Is there a way in HDP >= v2.2.4 to increase the local task memory? I'm aware of disabling/limiting map-only join sizes, but we want to increase, not limit it.
Depending on the environment, the memory allocation will shift, but it appears to be entirely to Yarn and Hive's discretion.
"Starting to launch local task to process map join;maximum memory = 255328256 => ~ 0.25 GB"
I've looked at/tried:
I found documentation suggesting 'export HADOOP_HEAPSIZE="2048"' to change from the default, but this applied to the nodemanager.
Any way to configure this on a per-job basis?
To avoid duplication, the info I'm referencing comes from here: https://support.pivotal.io/hc/en-us/articles/207750748-Unable-to-increase-hive-child-process-max-hea...
Sounds like a per-job solution is not currently available with this bug.
It's a bug in Hive - you can disable hive.auto.convert.join or set the memory at a global level via HADOOP_HEAPSIZE, but it does not solve the question of setting the local task memory on a per-job basis.
What client are you using to run the query? If its Hive CLI then you can run export HADOOP_OPTS="-Xmx2048m" on the shell and then invoke the hive cli.
@Michael Miklavcic you have to increate tez container size: hive.tez.container.size and hive.tez.java.opts (should be 80% of container size) to have more memory available.
Then, you can increase hive.auto.convert.join.noconditionaltask.size to automatically convert mapjoins or set
hive.ignore.mapjoin.hint=false and use mapjoin hine (select /*+ MAPJOIN(dimension_table_name) */ ...)

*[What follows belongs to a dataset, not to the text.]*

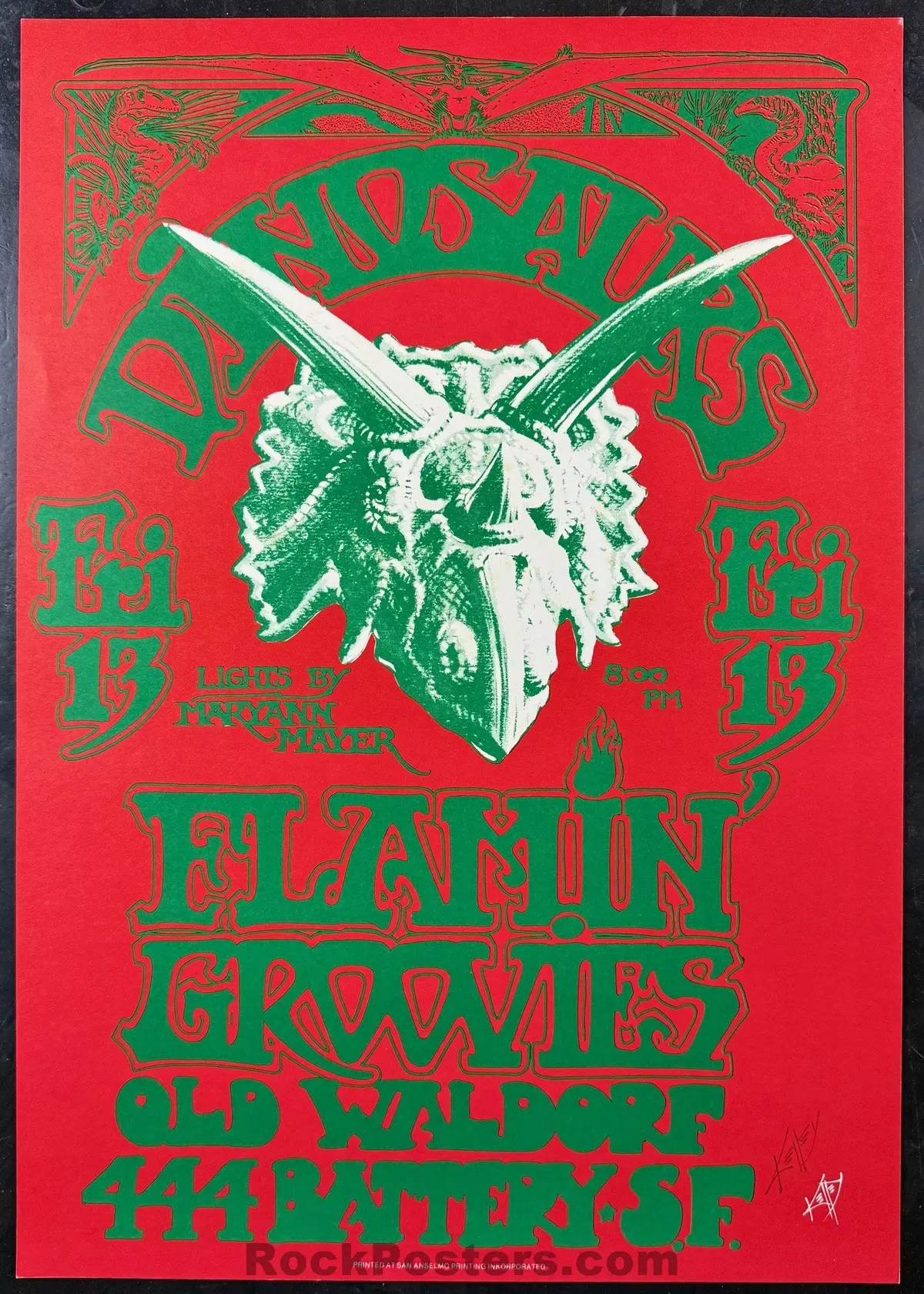 Auction -  Dinosaurs - Flamin' Groovies - Alton Kelley Signed - Old Waldorf Poster - Near Mint 1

For those upvoting this answer, this is the correct answer for increasing mem for mapper Yarn containers, but will not work in cases where Hive is optimizing by creating a local task. What happens is that it generates a hash table of values for the map-side join first on a local node, then uploads this to HDFS for distribution to all mappers that need the fast lookup table. It's the local task that is the problem here, and the only way to fix this is to bail on the map-side join optimization, or change your HADOOP_HEAPSIZE on a global level through Ambari. Not elegant, but it is a workaround.
now, i've solved this issue by setting below property. Now, all mapper/reducer's output will not be stored in memory. But, i need to revisit my table data and predicates(where clause) once again to check if any unnecessary data is fetched.
Doesn't seem to work. Did the following:
$ export HADOOP_OPTS="-Xmx1024m"
$ hive -f test.hql > results.txt
Starting to launch local task to process map join;maximum memory = 511180800 = 0.5111808GB
@Guilherme Braccialli, that doesn't increase memory allocation for the local task. It's a percentage threshold before the job is automatically killed. It's already at 90% by default, so at this point the only option is to increase the local mem allocation. I tested the "HADOOP_HEAPSIZE" option from Ambari, and it works, but it's global.